Geekdom - for Me and Others - What is it?
It’s not that I didn’t know anime existed - in fact I’d been one of those who had (gasp) looked down on anime watchers, believing they were people who were obsessed with 2D characters who had big eyes and fox ears and a tail.
I’d almost forgotten about a “normal” anime loving friend in college who had gotten me to watch Ouran Highschool Host Club, then read From Far Away (a manga she lent me) but at that point I had been in denial that geeks were normal people like you and me.
Once I realized that I was a geek, everything clicked. I’d always been a geek of sorts. Geeks weren’t like the stereotypes. People who are geeks just really, really love creative stories.
The most creative stories are often sci-fi and fantasy, and with anime, they are animated on top of that. Our minds are more open to creativity and being sucked into fictional worlds, since many of us are creative ourselves. Some artistically, but really, creativity shows it’s face in many different ways.
However, being a geek can often mean feeling left out, being misunderstood, and putting up with being looked down upon. This quote from the article “The Creative Personality” says it best -
“Deep interest and involvement in obscure subjects often goes unrewarded, or even brings on ridicule. Divergent thinking is often perceived as deviant by the majority, and so the creative person may feel isolated and misunderstood.”
Geekiness - First Steps
Soon after I realized I was a geek, I “came out” in a way, at least that is how it felt to me. I created a Pinterest board called “So I’m a geek” and excitedly began pinning pictures and quotes from LOTR, Merlin, Fullmetal Alchemist:Brotherhood, Doctor Who, Castle in the Sky...you name it. Later on, I visited SacAnime for the first time.

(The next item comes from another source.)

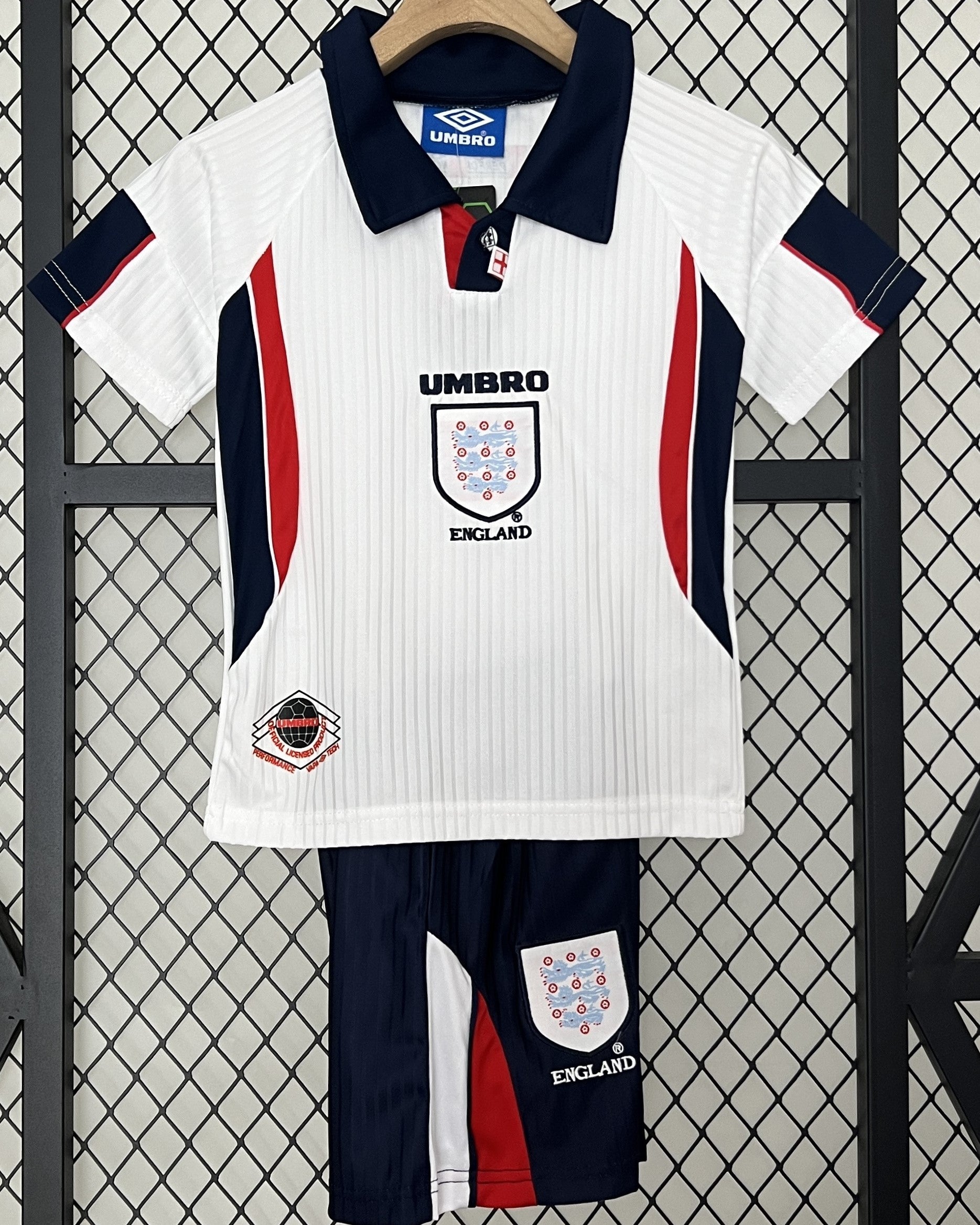 England Kit Bambino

I had been terrified to wear my Captain America shirt, so I dressed “normal” instead. I soon realized my caution had been in vain.
Everyone there was like me, even geekier than I was! I strode through the artists’ alley, wandered into a panel, and stood in line for an autograph. At the end of the day, I knew I needed to go back. And next time, I’d be the one selling art.
You Are Not Alone
Over the years, I have grown a passion for my fellow geeks. I am hurt by how people treat us. Now, I’m not going to go out and protest for equal treatment for geeks or anything, but I do long for us to be understood better by the general public, even our own families and friends. But, because of that separation we experience, I want to be there for my fellow geeks. I want to support you and help you be comfortable as yourself.
Living the Geek Life without Fear
I’ve changed over time, and now am at the point that (99% of the time) I don’t care what others think, I’ll hang my anime posters and art in my office. Hot Topic has a sale? Time to buy several more My Hero Academia t-shirts and wear them as often as I can, because I enjoy doing so. The feeling I get when some stranger at a store comments on my shirt is an added bonus. See a cool character that I want to cosplay?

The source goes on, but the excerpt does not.